Assume $y \in C^2[a,b]$ with $y(a)=y(b)=0$. Also assume, $$\|y\|+\|y'\| \leq 1$$ where $\|\cdot\|$ denotes the supremum norm on $C[a,b]$. I want to show that there exists a (uniform on all such $y$) positive constant $c$ such that $$\int\limits_a^b \left(2|y(t)y'(t)| + (y(t))^2\right)dt \leq c\int\limits_a^b(y'(t))^2dt.$$
The book I'm reading says to use the Cauchy-Schwarz inequality. But applying it to the left hand side blindly doesn't seem to give anything. I tried applying it pointwise:
$$\int \left(2|y|,y\right)\cdot\left(|y'|,y\right)dt \leq \left(\int \sqrt{4y^2+y^2}\right)\left(\int\sqrt{(y')^2+y^2}\right).$$
And also on the inner product on $C[a,b]$:
$$\int 2|yy'|+\int y^2 \leq 2\left(\int y^2\right)^{1/2}\left(\int(y')^2\right)^{1/2} + \int y^2.$$
What am I missing? Why would one even believe such a statement? Please send help.

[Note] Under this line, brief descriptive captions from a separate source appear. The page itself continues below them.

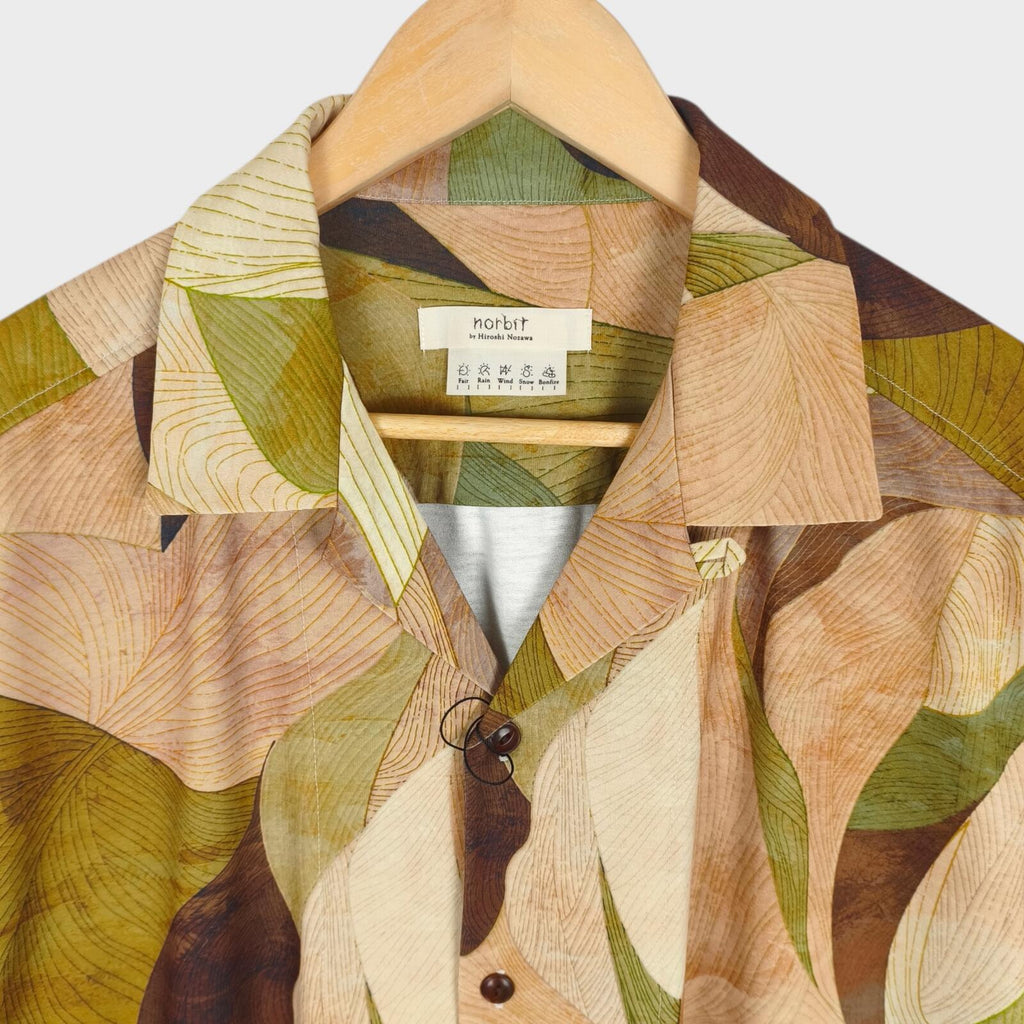 NORBIT BY HIROSHI NOZAWA Men's Leaf Camo Aloha Shirt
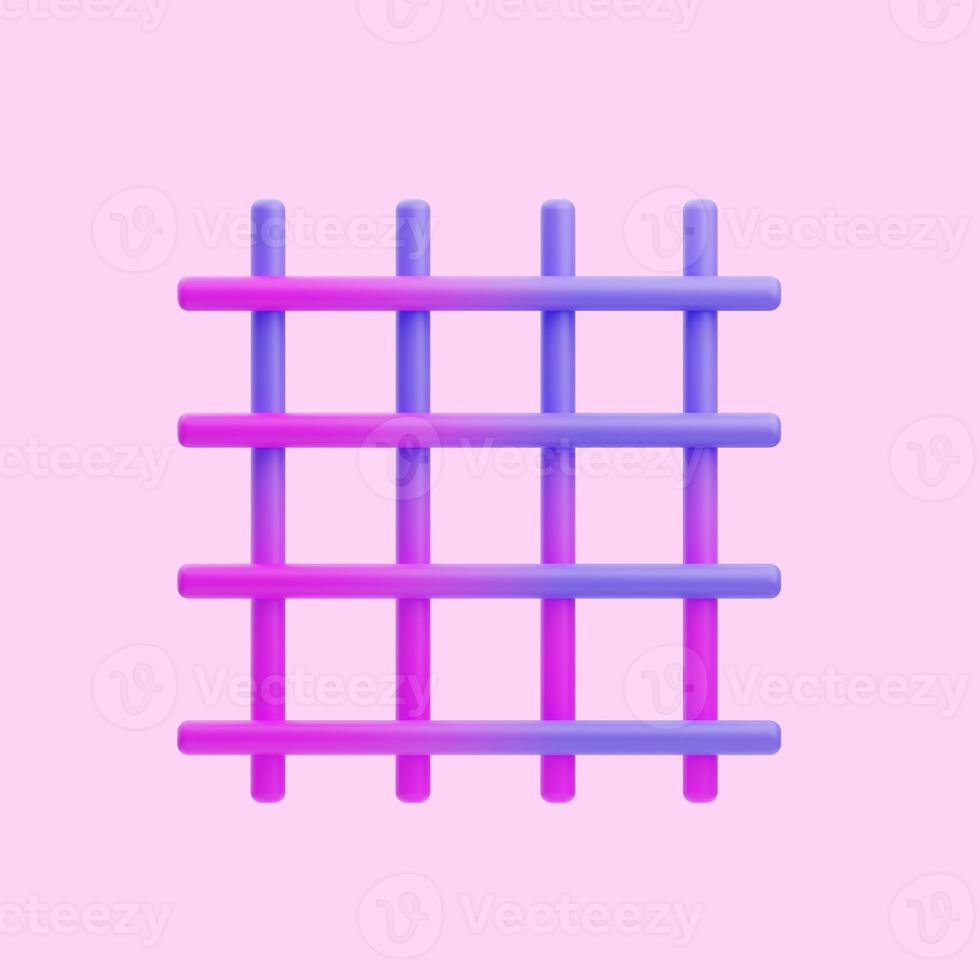 3d rendering of gradient colored checkered grid shape icon illustrations, for layout decoration and more photo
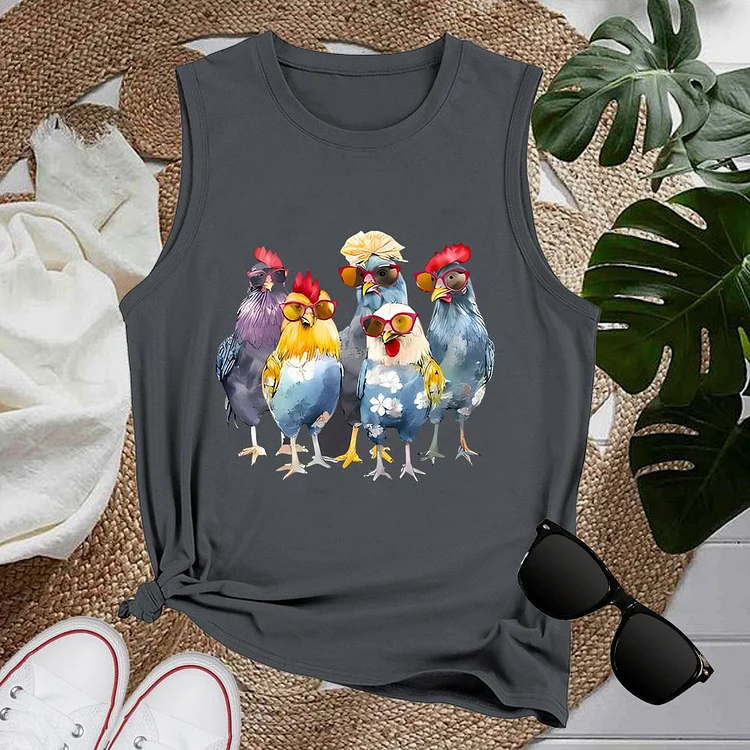 🛒🆕chicken Women Loose Tank Top-0019718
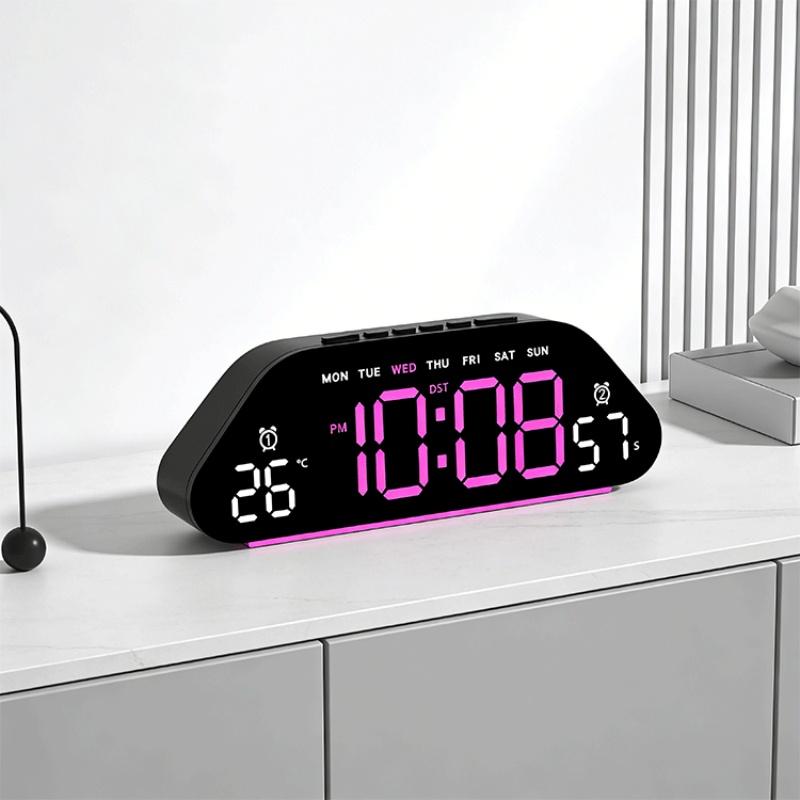 LED Digital Alarm Clock Temperature Week Date Display Timer Brightness Adjustment Electronic Table Clock with Ambient Light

Since $\|y\| \leq 1$ you have no problem with the first term. Your problem is with $\int y^{2}(t)\, dt$. To hang=dle this use the fact that $|y(t)|=|\int_a^{t} y'(s)\, ds| \leq \sqrt {\int_a^{b} y'(s)^{2}\,ds} \sqrt {b-a}$. Can you complete the argument now?